第4話 クワァーバルの土
山火事を起こした私達が辿り着いたのは、果物が名産品のシハシヒルズという町だった。
「凄いねここの人達。山燃えてるのに無関心だよ」
「山の炎はここまで来そうにないですしね。それに名産品である果物は地底の農園で育ててるみたいですよ」
お尋ね者が載る掲示板に私達の顔はない。ひとまず安全だ。
「それじゃあご飯にしよっか」
そうして昼過ぎ、私達はようやく食事を取る事が出来た。まだお金には余裕があるから、ここで食糧を買い足すのも忘れないようにしないと。
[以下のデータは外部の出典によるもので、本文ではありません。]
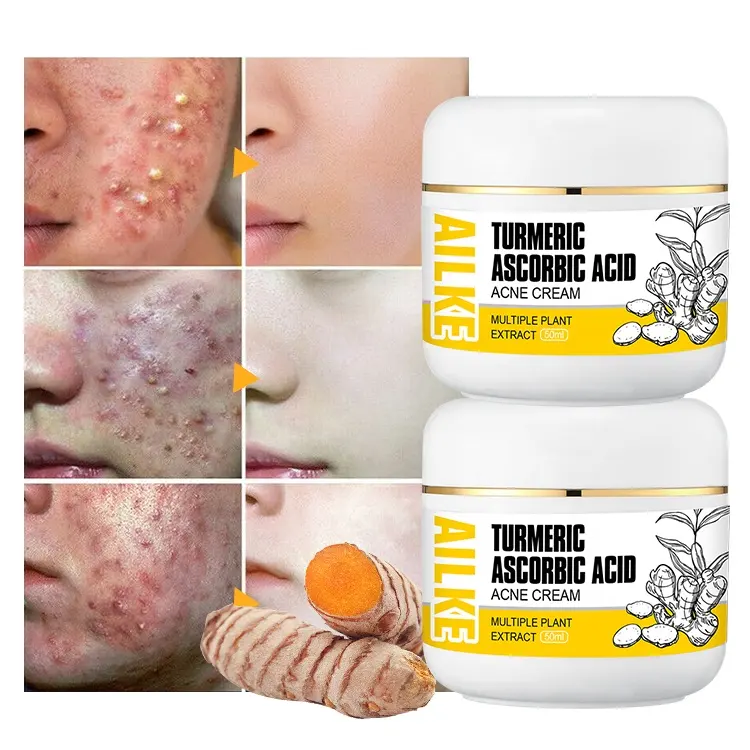 Penghapusan Herbal OEM untuk membersihkan bekas luka dan Jerawat terbaik pemutih wajah Anti pengobatan krim jerawat untuk semua jenis kulit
レストランキサラの中から山の方を伺うと、魔法使い達の水系魔法による消火活動が行われていた。
「あんまり見ない方がいいですよ。怪しまれます」
そう言うカジヤンは肉食動物のように骨付き肉を食べている。ウサ耳なのに。
「それでこれからどうします?私としてはいい加減あなたがその剣を振ってるところを見てみたいわけですが」
「夜まで休んで夜間限定のクエストでもやろうかなって考えてるんだけどどうかな?」
「ではそれでいきましょう」
話がまとまってからの行動は早かった。食事を済ませた私達は冒険者ギルドでクエストの受付。その後は宿へ行き、夜になるまでしばしの休憩。
そして深夜。私達は今、静まり返った街を歩いていた。
「夜間警備って…剣振る機会なくないですか?」
「いや~どうせなら楽で報酬もいいクエストがいいじゃん…あっお疲れ様でーす」
同じクエストを受けている人がいたので軽く挨拶をした。左腕に付けている発光スカーフがその証だ。
「ケッヒッヒ…」
街灯のない薄暗い道を歩いていると露店を開いている薄気味悪いお婆さんを見つけた。
「確かこの区域は…」「露店は禁止されていません。ただ怪しいので一応声かけはしておきましょう」
その方が良いね。カジヤンに言われなきゃそのままスルーしてるところだった。
「おや、若い子達…夜警ごくろうさん」
「そちらこそこんな遅くに露店なんて開いて…客なんて来るわけないですし今夜はもう帰られてはいかがですか?」
「最後に一つ売れ残った物があってねえ…良かったら買っていってくれないかい?」
お婆さんが広げている絨毯には、土の入った瓶だけが売れ残っていた。
「これ買ったら帰ってくれるんですね。何ナロです?」
「2000ナロだよ…顔が怖いねえ」
こんな土カスが入った物にどんだけ値段付けてんだこの婆さん!…まあこのまま残られて事件にでも遭ったら可哀想だし、買うしかないよなぁ。
「はい2000ナロ丁度。もうセコイ商売なんてやめた方がいいよ」
「それはただの土なんかじゃない…失われた大地ユージーンの精霊クワァーバルを閉じ込めておる」
「はいはい婆さん、絨毯畳んで帰った帰った!この中にいるルバーブ様も早く帰れって言ってるよ」
こうして最後の商品を買ったお婆さんは自分の家へと帰っていった。これにて一件落着!
「精霊の話とか聞かなくて良かったんですか?」
「精霊なんて大層な物がこんな牛乳瓶に捕まるわけないじゃない。旅行者を騙す売り文句よありゃあ」
「そう…なんですかね」
こんな物持ってても仕方ないし、公園の砂場にでも捨てておこう。でも容器だけはありがたくいただいておこう。ちょうど火炎瓶の材料が欲しかったし。
まだ夜明けまでには時間がある。万が一もあるから、サボらずにクエストを続けよう。